In the 2nd instruction-line, a = 1, b = 5, and k = 5.

Thus, we put arr[a] = arr[a] + k. But as arr[b+1] is arr[6], which is out of bounds, we do not take any further action.

Thus, arr[1] becomes arr[1] + 5 = 3 + 5 = 8.

We get the final resultant array as {8, 0, 0, -3, 0}.

We set max = 0, sum = 0.

Now we start iterating through the resultant array and adding its values in **sum**.

At index 1,

sum = sum + arr[1] = 8.**sum** is greater than **max**. Thus **max** = **sum **= 8.

At index 2,

sum = sum + arr[2] = 8.**sum** is not greater than **max**. Thus **max** stays the same.

At index 3,

sum = sum + arr[3] = 8.**sum** is not greater than **max**. Thus **max** stays the same.

At index 4,

sum = sum + arr[4] = 5.**sum** is not greater than **max**. Thus **max** stays the same.

At index 5,

sum = sum + arr[5] = 5.**sum** is not greater than **max**. Thus **max** stays the same.

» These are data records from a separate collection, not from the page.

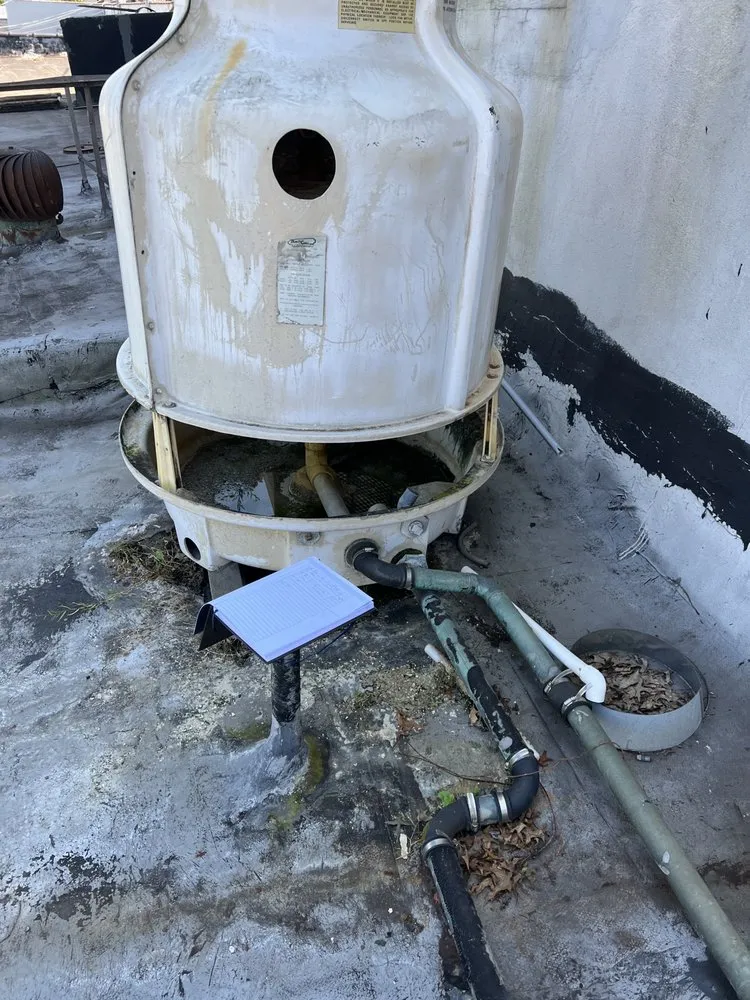 Slide of Wilson & Son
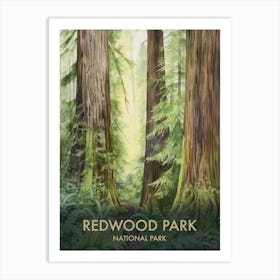Redwood National Park Watercolour Vintage Travel Poster 3 Art Print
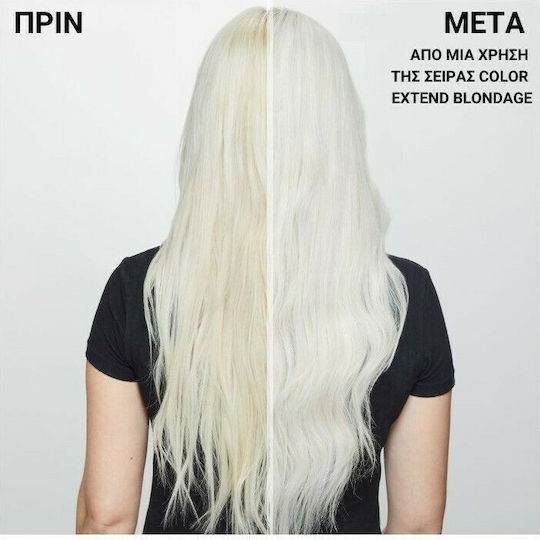 Redken Color Extend Blondage Маска за коса за Защита на цвета 250мл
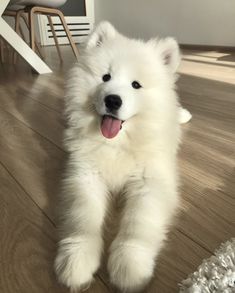 a fluffy white dog is standing on its hind legs and it's tongue hanging out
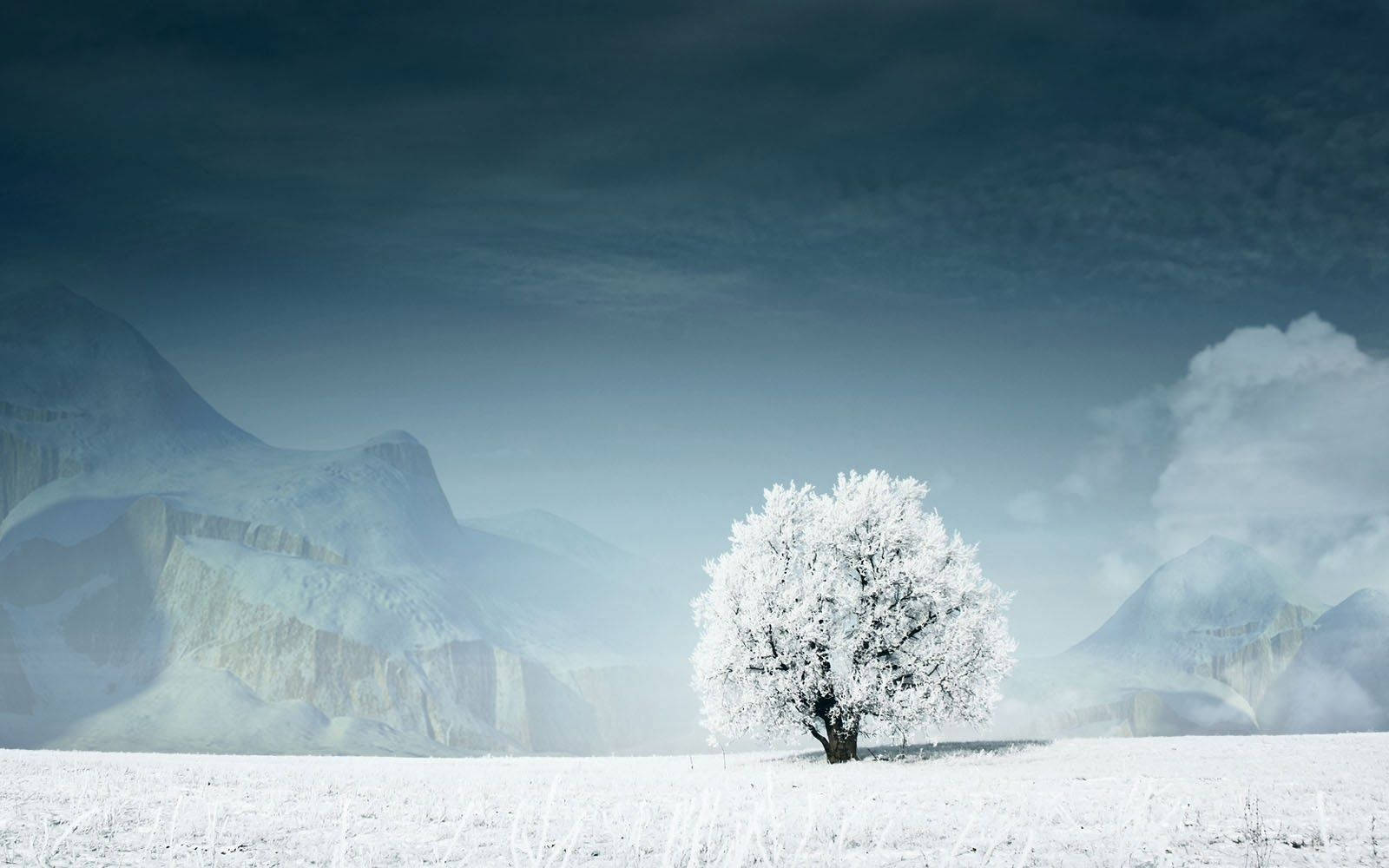 A View Of A White Tree Standing Tall Against A Blue Sky Wallpaper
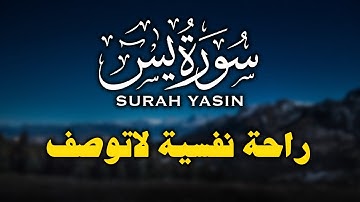 سورة يس | تلاوة خاشعه تملأ القلوب راحة و طمأنينة | للقارئ محمد ربيع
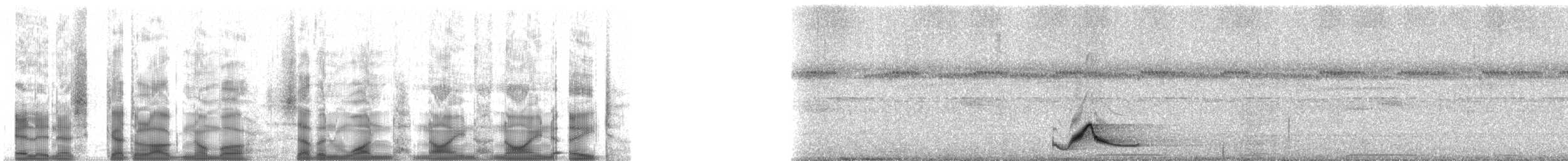 Common Pauraque - ML71998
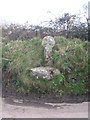 Detail of medieval wayside cross at Trevorry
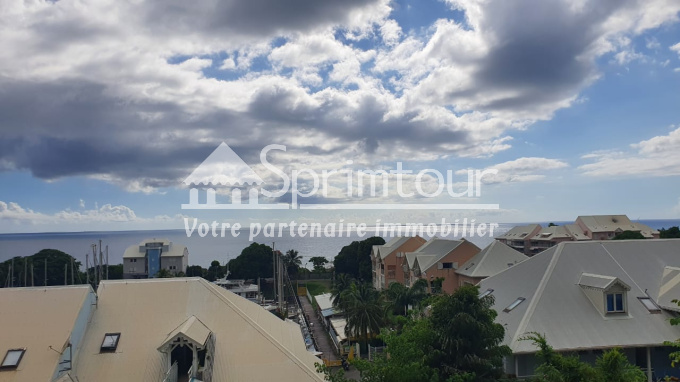 Offres de location Appartement Gourbeyre (97113)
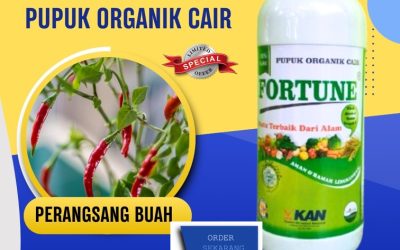 TERLARIS! 0813-2747-3262, PRODUSEN Pupuk Organik Cair Fortune Demak, Pupuk Organik Purwodadi, Pupuk Organik Cair Jepara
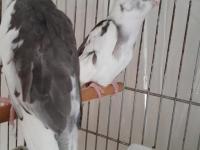 Yavru Sultan Papağanı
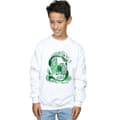 Miniatyrbilde 2 av 5: Harry Potter Boys Slytherin Snake Sweatshirt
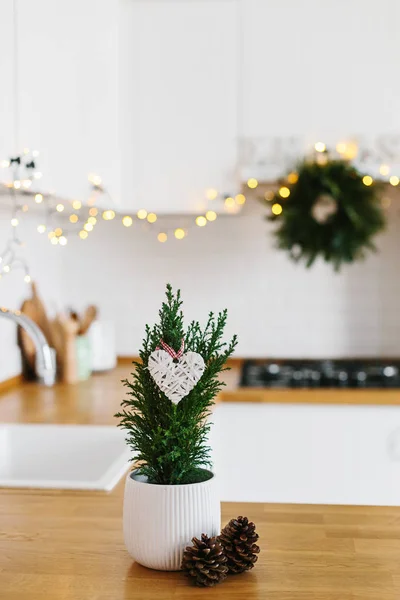 Kleine Kerstboom Witte Bloempot Wazig Wit Moderne Keuken Scandinavische Stijl — Stockfoto
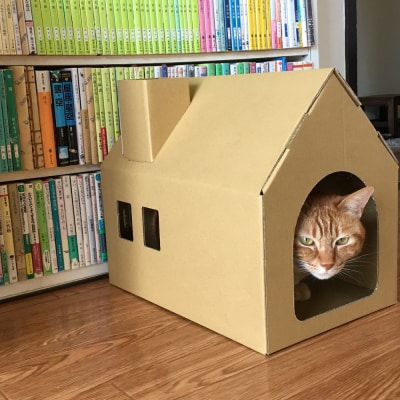 【クラフト地】キャッツプレイハウス&専用つめとぎ10枚セット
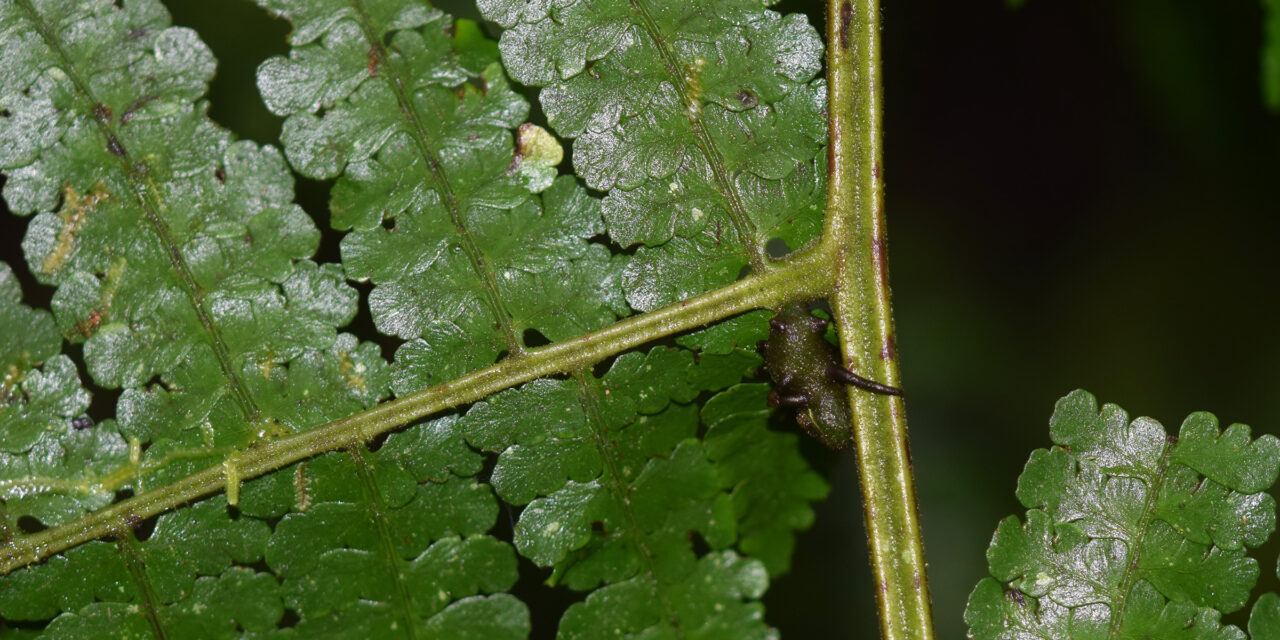 Dennstaedtia cornuta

We return **max** (8) as the final answer.

## Code Solution

The full code solution to the HackerRank Array Manipulation problem in Java and C++ are given below.

### HackerRank Array Manipulation: Java Code Solution

```
import java.util.Scanner;
class Solution{
public static void main(String[] args){
long n, m, a, b, k, i, j, max = 0, sum = 0;
Scanner sc=new Scanner(System.in);
n = sc.nextLong();
m = sc.nextLong();
long arr[] = new long[(int) (n+1)];
for(i=0; i<m; i++){
a = sc.nextLong();
b = sc.nextLong();
k = sc.nextLong();
arr[(int) a] += k;
if(((int) (b+1)) <= n)
arr[(int) (b+1)] -= k;
}
for(i=1; i<=n; i++){
sum += arr[(int) i];
max=Math.max(max, sum);
}
System.out.println(max);
}
}
```

### HackerRank Array Manipulation: C++ Code Solution

```
#include <iostream>
using namespace std;
int main() {
long int n, m, a, b, k, i, j, max = 0,sum = 0;
cin >> n >> m;
long int *arr=new long int[n+1]();
for(i=0; i<m; i++)
{
cin >> a >> b >> k;
a[a] += k;
if((b+1) <= n)
a[b+1] -= k;
}
for(i=1; i<=n; i++)
{
sum += arr[i];
max = std::max(max, sum);
}
cout << max;
return 0;
}
```

## Result

I hope I was able to explain the solution to the Array Manipulation problem from HackerRank’s Interview Preparation Kit.

If you have any doubts, feel free to comment down below. I will try my best to help you out.

## FAQ

### What is the time complexity of this solution?

O(n), where n is the number of instruction lines.